L’initiative, en vérité, appartient aux fédéralistes. Et, pour vous faire comprendre la portée de la réunion qui se tient à Londres, cette semaine, je vais résumer brièvement les étapes de sa préparation.

Au mois de mai 1948, il y a donc un peu moins d’un an, nous avons convoqué un Congrès de l’Europe avec l’appui des organisations les plus diverses, économiques, parlementaires et religieuses, syndicales et fédéralistes. Ce congrès, présidé par Churchill, réunit 800 délégués. À l’unanimité, il résolut d’entreprendre une action immédiate en faveur de la convocation d’une Assemblée européenne.

Le 18 août, nos délégués remettaient aux cinq puissances signataires du pacte de Bruxelles un Mémorandum détaillé sur notre projet d’Assemblée.

Le même jour, ces propositions se voyaient acceptées sans réserve par le gouvernement français, bientôt suivi par les pays du Benelux.

Après beaucoup d’hésitations, le cabinet de M. Bevin se résignait à suivre ses alliés.

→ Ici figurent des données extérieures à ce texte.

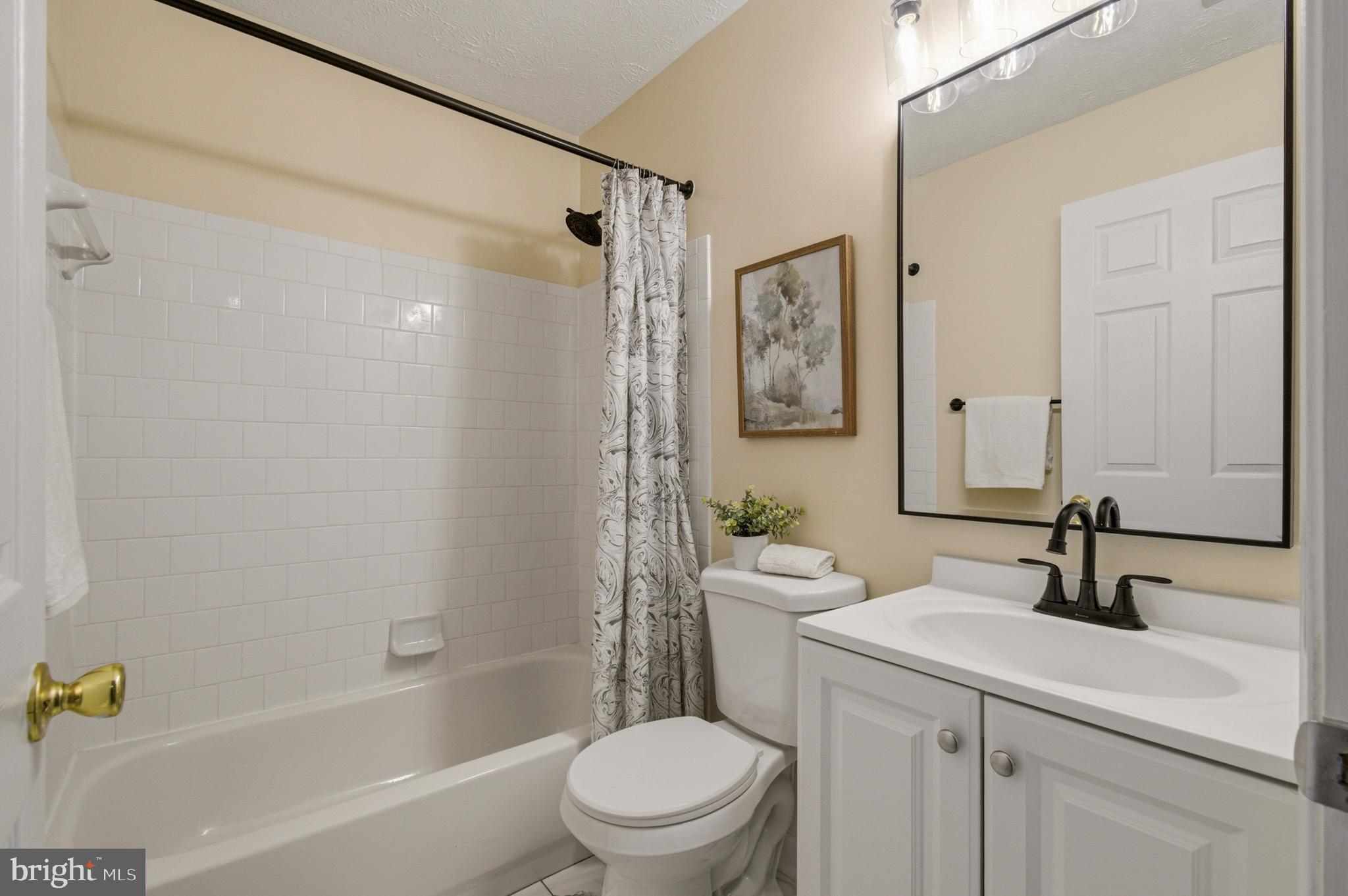 9054 Constant Course Columbia, MD 21046 - Photo 44 of 61 a bathroom with a sink toilet and shower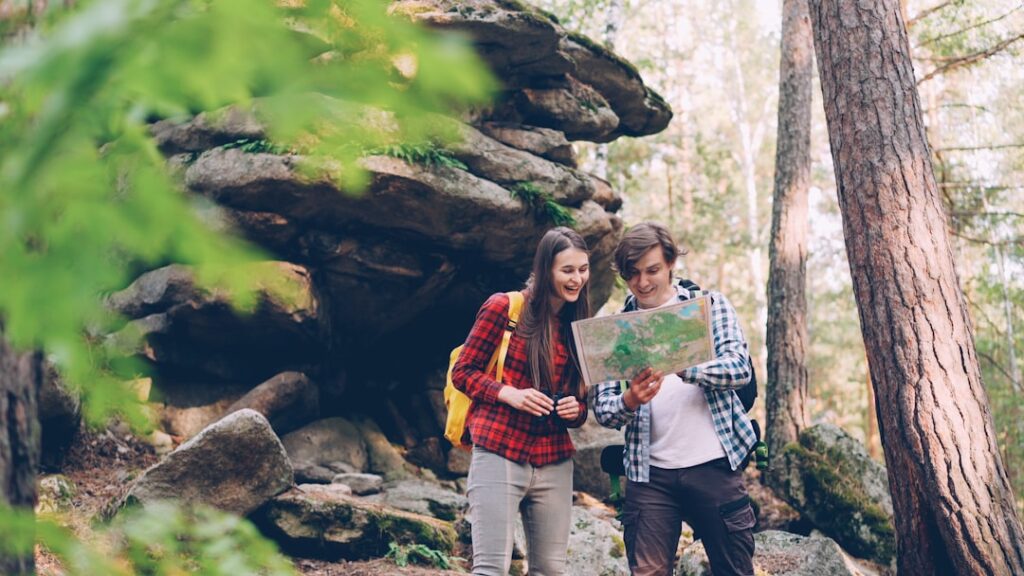 Couple looking at map in a forest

Un comité fut alors désigné par les gouvernements des 5 puissances pour examiner la question. Ses travaux commencèrent en novembre, et le 29 janvier de cette année, le comité des Cinq annonçait à la presse qu’il venait d’aboutir à un accord. Un Conseil de l’Europe allait être formé. Il comprendrait d’une part un Comité de ministres, et d’autre part un corps consultatif, désigné par les parlements.

Ce n’était qu’un premier pas vers l’action, vers l’Europe, — mais c’est le premier pas qui coûte. Peu de jours après, on annonçait que la ville de Strasbourg serait choisie comme siège du corps consultatif, et que l’Assemblée serait convoquée dès cet automne.

Rapidement, 5 nations nouvelles sont venues s’ajouter au noyau primitif. Ce sont les États scandinaves, l’Irlande, et l’Italie. Remarquez que la Suède, et l’Irlande ont refusé toutes les deux de signer le pacte de l’Atlantique, mais qu’elles acceptent de collaborer quand il s’agit d’union européenne. Elles ne considèrent pas que leur neutralité soit un obstacle à leur présence active. Cet exemple aura de quoi faire réfléchir la Suisse.

Voici donc réunis à Londres, aujourd’hui même, les représentants de 10 pays qui acceptent — non sans précautions, non sans arrière-pensées peut-être — de s’engager dans la voie que leur tracent les pionniers du fédéralisme.

On aura rarement vu négociation aussi lourde de conséquences se dérouler plus discrètement… Quels résultats faut-il en espérer ? La manière dont elle s’est engagée ne permet pas d’attendre des miracles.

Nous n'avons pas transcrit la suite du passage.